Nuestros talleristas no deben perder la oportunidad de acercarse,mediante esta entrevista, a uno de los más grandes artistas del arte contemporáneo cubano, Roberto Fabelo, motivo que nos lleva a indagar sobre temas muy particulares de su vida que, quizás, resulten poco conocidos.
Pintor, escultor, dibujante e ilustrador, Fabelo proviene de una familia muy humilde de Guáimaro, en la provincia de Camagüey y desde pequeño siempre tuvo especial inclinación hacia el dibujo, pero dejemos que sea el propio artista quien responda a nuestras interrogantes.
¿Tenía mascotas en su niñez?
F: Tenía un perro al que le puse Lobo, propiedad de toda la familia, pero el nombre se lo puse yo.
Cuando niño, ¿cuáles juegos eran sus preferidos?¿Qué recuerdos tiene de esos juegos, y qué fue lo más divertido que haya hecho en esta etapa de su vida?…y, además, si recuerda alguna anécdota que pudiera contarnos…
F: Mi juego preferido era bañarme en los ríos, pero jugaba también con ramas en forma de animales que amarraba con pequeñas botellas desechadas simulando vacas y bueyes. También modelaba con cera de los panales de miel lagartijas, alacranes, arañas, tratando de imitar fielmente su figura; lo hacía también con barro.Sobre la tierra hacía pequeños corrales donde metía a todos esos animalitos. Tengo los mejores recuerdos. Todos me parecían de verdad y algunas veces hacía los animales con tanta veracidad y eran tan reales que me divertía asustando a mi abuela.
Mis tíos me llevaban al pueblo de Guáimaro a las ferias ganaderas para que me vieran dibujando vacas, bueyes y chivos entre otros animales, en papel cartucho y lápices escolares y un día me montaron arriba de un toro como premio y me caí y lloré y me reí a la vez.
¿A qué edad usted sintió que quería dedicarse al arte?

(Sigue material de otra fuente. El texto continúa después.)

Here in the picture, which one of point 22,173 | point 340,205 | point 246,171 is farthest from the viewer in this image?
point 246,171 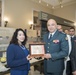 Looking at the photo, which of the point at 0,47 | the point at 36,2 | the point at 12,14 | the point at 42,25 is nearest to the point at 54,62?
the point at 0,47

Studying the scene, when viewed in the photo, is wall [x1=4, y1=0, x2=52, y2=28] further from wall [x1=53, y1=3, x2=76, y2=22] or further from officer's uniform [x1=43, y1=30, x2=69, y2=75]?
officer's uniform [x1=43, y1=30, x2=69, y2=75]

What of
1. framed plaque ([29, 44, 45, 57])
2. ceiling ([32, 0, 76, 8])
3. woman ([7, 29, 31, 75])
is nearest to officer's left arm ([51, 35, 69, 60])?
framed plaque ([29, 44, 45, 57])

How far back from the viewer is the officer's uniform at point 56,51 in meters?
1.75

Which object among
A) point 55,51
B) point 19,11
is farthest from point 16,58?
point 19,11

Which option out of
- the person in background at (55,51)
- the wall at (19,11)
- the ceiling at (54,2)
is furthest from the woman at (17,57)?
the ceiling at (54,2)

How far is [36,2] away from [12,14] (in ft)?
7.05

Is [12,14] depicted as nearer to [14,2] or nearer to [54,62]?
[14,2]

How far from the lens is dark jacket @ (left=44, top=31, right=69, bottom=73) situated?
5.72ft

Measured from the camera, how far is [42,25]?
3.49 metres

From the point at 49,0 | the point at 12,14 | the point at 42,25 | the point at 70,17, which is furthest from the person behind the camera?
the point at 70,17

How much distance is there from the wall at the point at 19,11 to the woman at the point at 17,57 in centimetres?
499

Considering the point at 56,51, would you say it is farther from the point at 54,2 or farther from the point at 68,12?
the point at 68,12

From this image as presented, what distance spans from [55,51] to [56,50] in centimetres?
2

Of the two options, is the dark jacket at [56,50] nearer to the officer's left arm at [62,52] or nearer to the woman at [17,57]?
the officer's left arm at [62,52]
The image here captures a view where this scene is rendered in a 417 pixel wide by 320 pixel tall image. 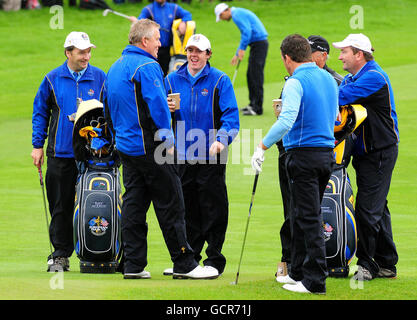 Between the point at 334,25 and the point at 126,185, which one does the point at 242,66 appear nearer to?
the point at 334,25

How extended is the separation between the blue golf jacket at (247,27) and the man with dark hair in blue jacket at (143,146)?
9885 mm

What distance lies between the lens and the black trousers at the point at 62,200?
343 inches

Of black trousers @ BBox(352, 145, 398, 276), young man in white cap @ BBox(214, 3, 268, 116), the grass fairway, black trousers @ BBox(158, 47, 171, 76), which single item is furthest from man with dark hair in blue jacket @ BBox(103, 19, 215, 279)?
young man in white cap @ BBox(214, 3, 268, 116)

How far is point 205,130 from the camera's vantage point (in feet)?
27.0

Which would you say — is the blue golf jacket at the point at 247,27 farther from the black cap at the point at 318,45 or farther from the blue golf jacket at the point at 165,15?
the black cap at the point at 318,45

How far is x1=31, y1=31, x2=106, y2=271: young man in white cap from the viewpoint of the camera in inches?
339

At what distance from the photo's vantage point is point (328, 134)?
6.80 metres

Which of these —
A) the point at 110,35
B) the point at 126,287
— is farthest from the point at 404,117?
the point at 110,35

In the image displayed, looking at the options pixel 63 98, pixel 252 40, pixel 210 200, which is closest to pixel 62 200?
pixel 63 98

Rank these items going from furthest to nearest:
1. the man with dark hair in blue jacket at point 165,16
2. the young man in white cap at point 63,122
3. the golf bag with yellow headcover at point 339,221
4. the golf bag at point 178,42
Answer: the man with dark hair in blue jacket at point 165,16 → the golf bag at point 178,42 → the young man in white cap at point 63,122 → the golf bag with yellow headcover at point 339,221

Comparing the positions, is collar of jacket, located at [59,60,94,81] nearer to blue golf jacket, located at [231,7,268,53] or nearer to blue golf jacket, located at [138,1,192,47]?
blue golf jacket, located at [138,1,192,47]

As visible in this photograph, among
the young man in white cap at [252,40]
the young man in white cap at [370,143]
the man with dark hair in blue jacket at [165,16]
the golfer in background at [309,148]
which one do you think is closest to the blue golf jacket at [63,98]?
the young man in white cap at [370,143]

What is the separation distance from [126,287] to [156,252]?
2.65 m

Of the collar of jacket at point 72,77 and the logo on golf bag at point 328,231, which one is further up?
the collar of jacket at point 72,77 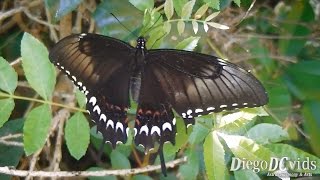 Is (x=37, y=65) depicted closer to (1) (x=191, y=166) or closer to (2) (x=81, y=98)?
(2) (x=81, y=98)

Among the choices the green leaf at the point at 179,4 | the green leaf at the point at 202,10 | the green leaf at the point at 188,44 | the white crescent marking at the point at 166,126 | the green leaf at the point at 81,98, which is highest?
the green leaf at the point at 179,4

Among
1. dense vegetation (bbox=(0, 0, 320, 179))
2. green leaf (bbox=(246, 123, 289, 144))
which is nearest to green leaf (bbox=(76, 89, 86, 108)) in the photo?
dense vegetation (bbox=(0, 0, 320, 179))

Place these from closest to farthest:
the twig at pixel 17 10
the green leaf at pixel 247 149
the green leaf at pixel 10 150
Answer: the green leaf at pixel 247 149, the green leaf at pixel 10 150, the twig at pixel 17 10

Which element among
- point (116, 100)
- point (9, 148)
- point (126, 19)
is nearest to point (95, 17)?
point (126, 19)

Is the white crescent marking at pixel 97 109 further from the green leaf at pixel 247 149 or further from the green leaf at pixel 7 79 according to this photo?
the green leaf at pixel 247 149

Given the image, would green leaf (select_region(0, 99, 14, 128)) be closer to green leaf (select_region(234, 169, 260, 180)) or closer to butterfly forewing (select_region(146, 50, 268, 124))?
butterfly forewing (select_region(146, 50, 268, 124))

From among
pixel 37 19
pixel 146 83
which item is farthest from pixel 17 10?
pixel 146 83

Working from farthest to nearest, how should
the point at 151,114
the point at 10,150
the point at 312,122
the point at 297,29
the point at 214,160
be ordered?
the point at 297,29 < the point at 312,122 < the point at 10,150 < the point at 151,114 < the point at 214,160

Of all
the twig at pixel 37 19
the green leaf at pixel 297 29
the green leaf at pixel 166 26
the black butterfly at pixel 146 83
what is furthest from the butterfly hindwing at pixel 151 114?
the green leaf at pixel 297 29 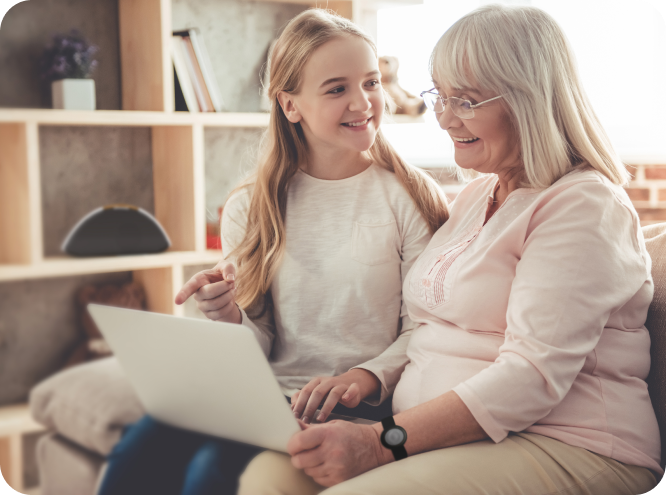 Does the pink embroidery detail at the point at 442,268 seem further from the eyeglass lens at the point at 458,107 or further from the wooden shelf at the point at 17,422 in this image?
the wooden shelf at the point at 17,422

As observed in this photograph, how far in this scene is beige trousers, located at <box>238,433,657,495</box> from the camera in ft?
2.48

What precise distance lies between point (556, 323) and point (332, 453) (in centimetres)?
32

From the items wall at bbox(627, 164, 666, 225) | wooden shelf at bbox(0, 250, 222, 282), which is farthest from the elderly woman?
wall at bbox(627, 164, 666, 225)

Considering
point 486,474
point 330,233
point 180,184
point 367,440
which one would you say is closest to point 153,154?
point 180,184

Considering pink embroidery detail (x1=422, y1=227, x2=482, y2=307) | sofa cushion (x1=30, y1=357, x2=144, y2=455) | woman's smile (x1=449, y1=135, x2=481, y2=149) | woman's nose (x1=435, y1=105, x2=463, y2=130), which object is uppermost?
woman's nose (x1=435, y1=105, x2=463, y2=130)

F: Cuando yo tenía siete años, que iba a esas ferias a dibujar ya me daba cuenta de que era algo que me atraía y me gustaba y entretenía mucho.
¿Qué lo motivó a expresarse en muchas de sus obras a través del universo animal?
F: El universo animal es algo que llevo en mi memoria y que ha configurado en buena medida mi imaginación.
¿Cómo se siente al ver que hemos dedicado el taller de creación infantil a su obra y exposición?
F: Me he sentido como el niño aquel de Guáimaro que no ha dejado de soñar y jugar.
Finalmente, ¿qué consejo le daría a nuestros niños y jóvenes talleristas que quieren ser artistas en el futuro?
F: Mi consejo es que luchen con todas sus fuerzas, deseos y pasión por lograr lo que se propongan ser y que no dejen nunca de aprender y buscar nuevos conocimientos.
Quisiéramos agradecerle su presencia en el Museo con su exposición, el haber sido motivo de inspiración para las creaciones de nuestro taller infantil y por responder gentilmente a nuestras preguntas.